Each entry should be set down again verbatim, with the images omitted.

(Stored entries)
···
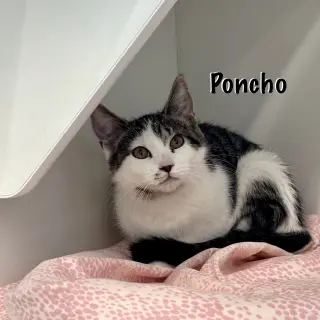 Hero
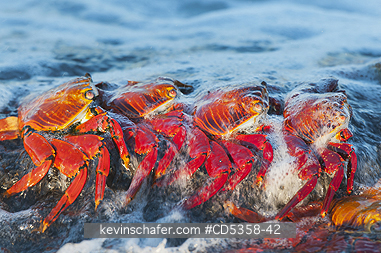 SALLY LIGHTFOOT CRABS: Sally Lightfoot Crab (Grapsus grapsus) In surf, Galapagos Islands, Ecuador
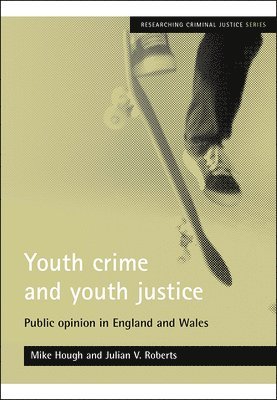 Youth crime and youth justice 1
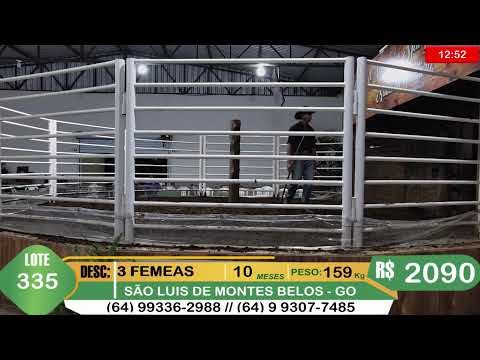 BRASIL LEILÕES - SÃO LUIS DE MONTES BELOS - GO -04/03/2026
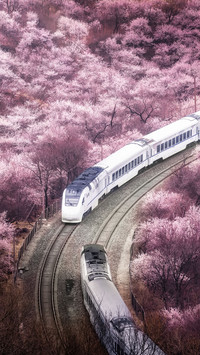 Railway and flowers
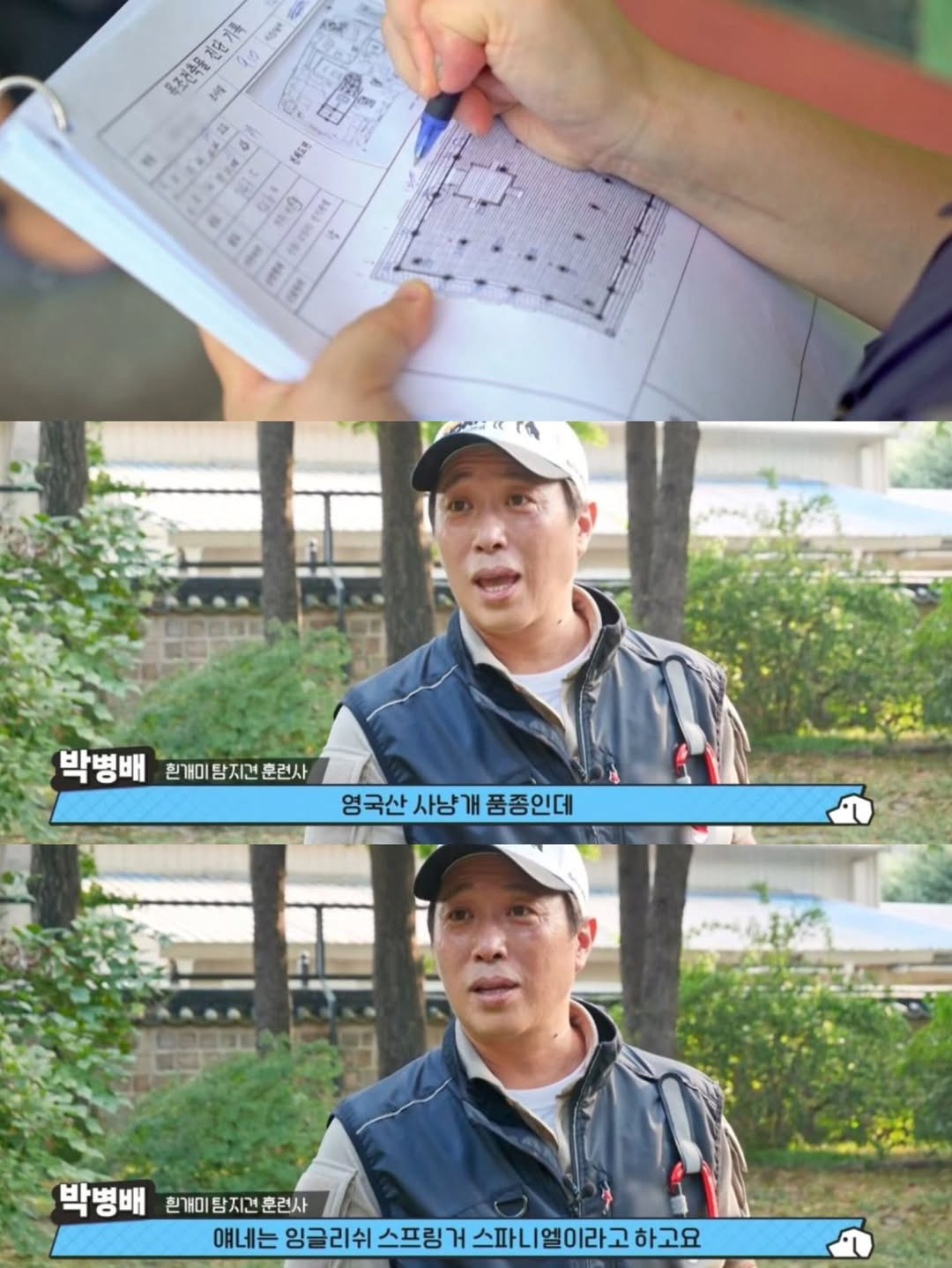 강아지-출입금지인-경복궁에-강아지-데려갔다고-6-이미지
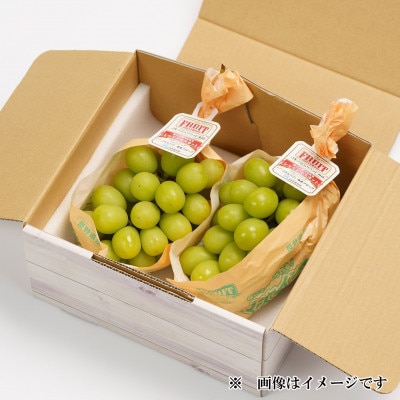 【2026年9～10月発送】JAながの　須高産　シャインマスカット　約1.2kg　2～3房入り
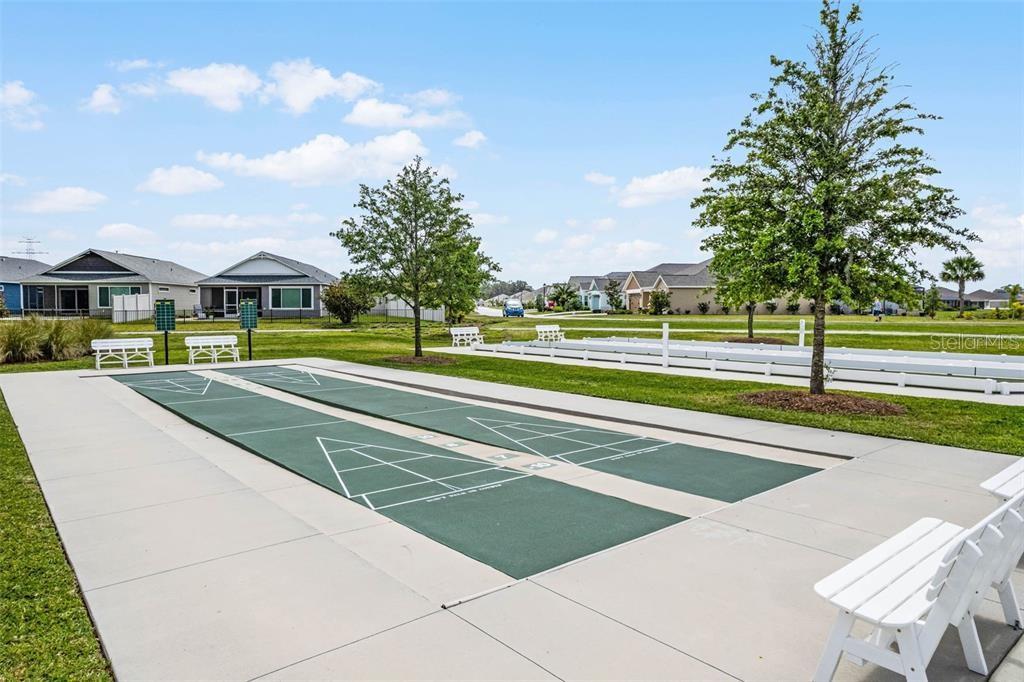 6131 SKINNER ST, THE VILLAGES, FL, 32163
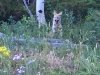 Crystal Lakes Coyote Pups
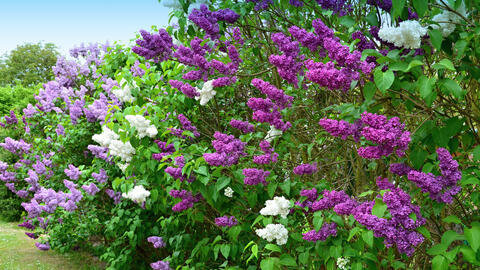 Lilac Not Blooming? These Are the Most Common Reasons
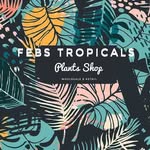 Febs Tropicals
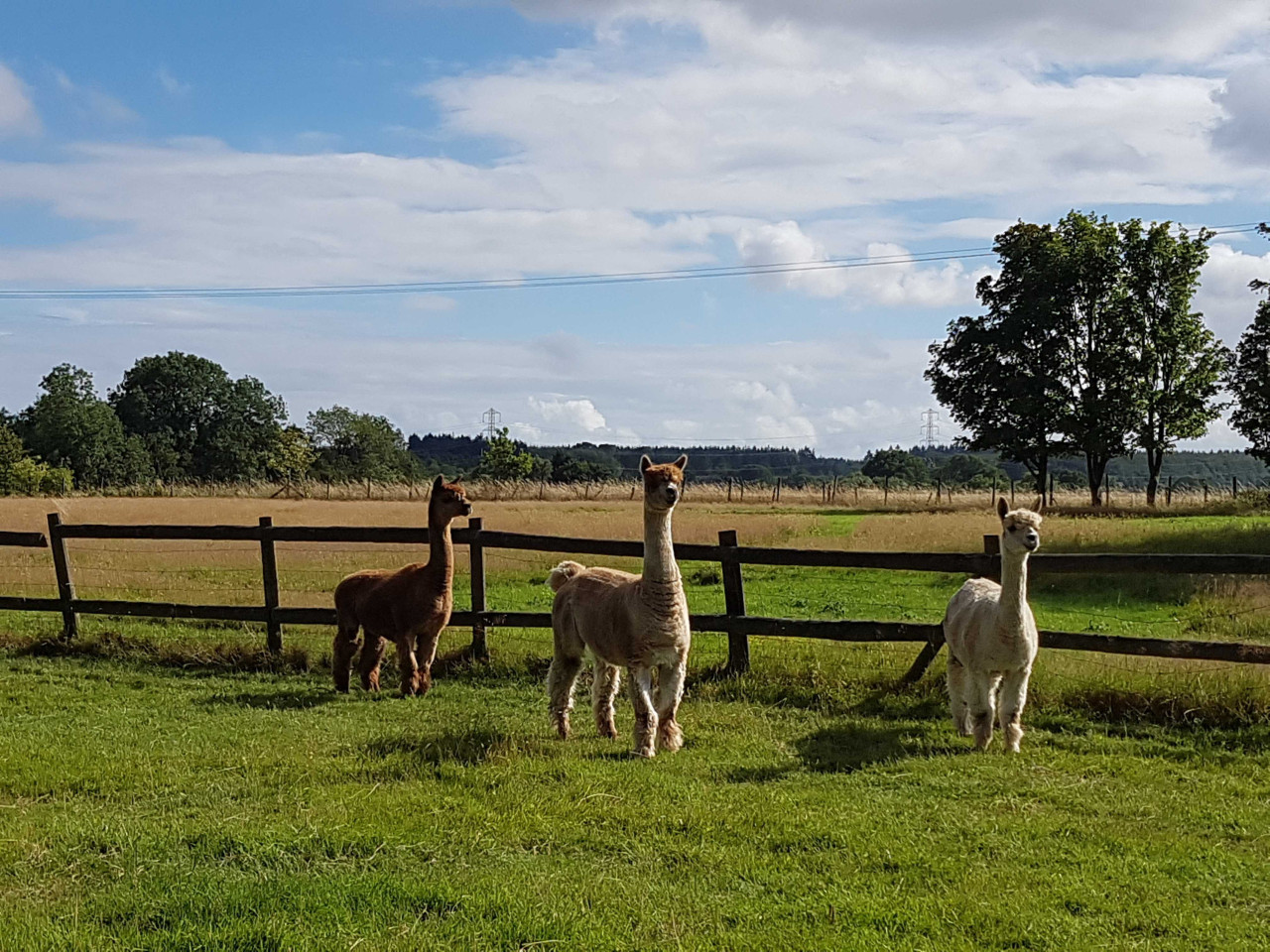 Rural Canterbury | Sheep Shed | Barn Conversion on a Farm | sleeps 4 in The Sheep Shed, Mill Lane, Courthope Farm - Property image 42 - VivreStays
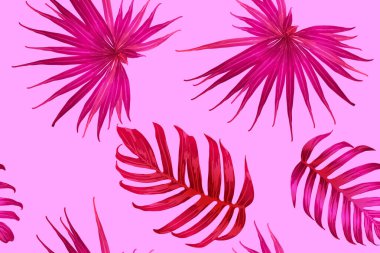 Pembe kırmızı egzotik desen. Canavar ve amber çiçekleri tropik buket. Hawaii tişörtü ve mayo fayansı. Yatay Kaliforniya doğal doku tasarımı. Aşırı doğal botanik tasarımı.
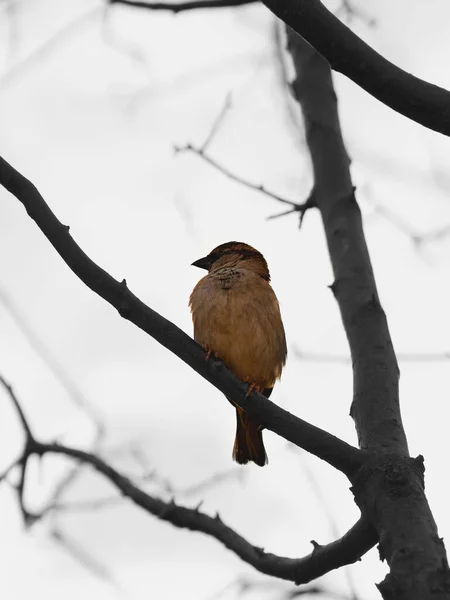 Beautiful Shot Bird Natural Habitat — Stock Photo, Image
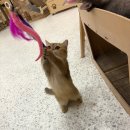 냥이싸롱 이미지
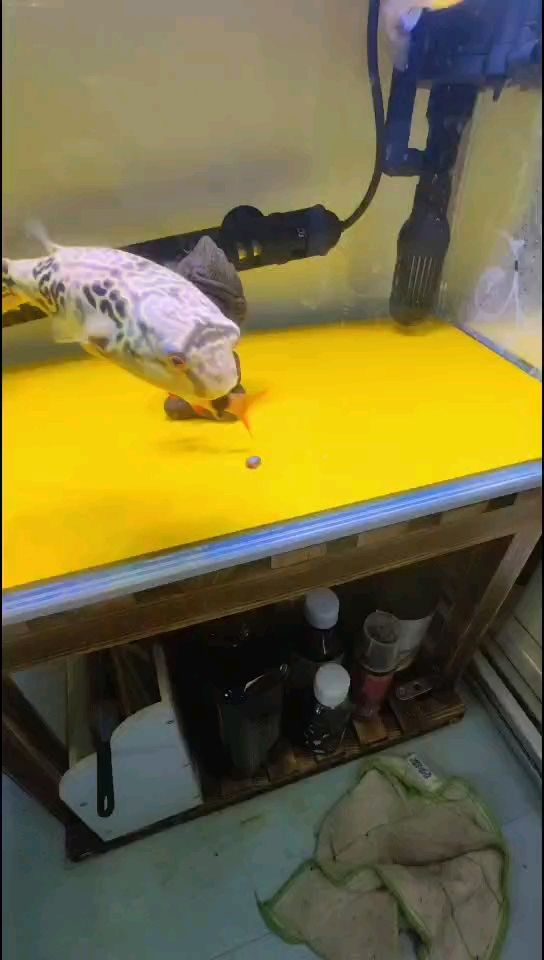 小胖子嗑瓜子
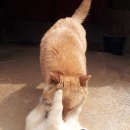 복실이 이미지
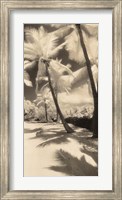 Framed Palm Shadows II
···
Solution to the exercise:
 Hero
 SALLY LIGHTFOOT CRABS: Sally Lightfoot Crab (Grapsus grapsus) In surf, Galapagos Islands, Ecuador
 Youth crime and youth justice 1
 BRASIL LEILÕES - SÃO LUIS DE MONTES BELOS - GO -04/03/2026
 Railway and flowers
 강아지-출입금지인-경복궁에-강아지-데려갔다고-6-이미지
 【2026年9～10月発送】JAながの　須高産　シャインマスカット　約1.2kg　2～3房入り
 6131 SKINNER ST, THE VILLAGES, FL, 32163
 Crystal Lakes Coyote Pups
 Lilac Not Blooming? These Are the Most Common Reasons
 Febs Tropicals
 Rural Canterbury | Sheep Shed | Barn Conversion on a Farm | sleeps 4 in The Sheep Shed, Mill Lane, Courthope Farm - Property image 42 - VivreStays
 Pembe kırmızı egzotik desen. Canavar ve amber çiçekleri tropik buket. Hawaii tişörtü ve mayo fayansı. Yatay Kaliforniya doğal doku tasarımı. Aşırı doğal botanik tasarımı.
 Beautiful Shot Bird Natural Habitat — Stock Photo, Image
 냥이싸롱 이미지
 小胖子嗑瓜子
 복실이 이미지
 Framed Palm Shadows II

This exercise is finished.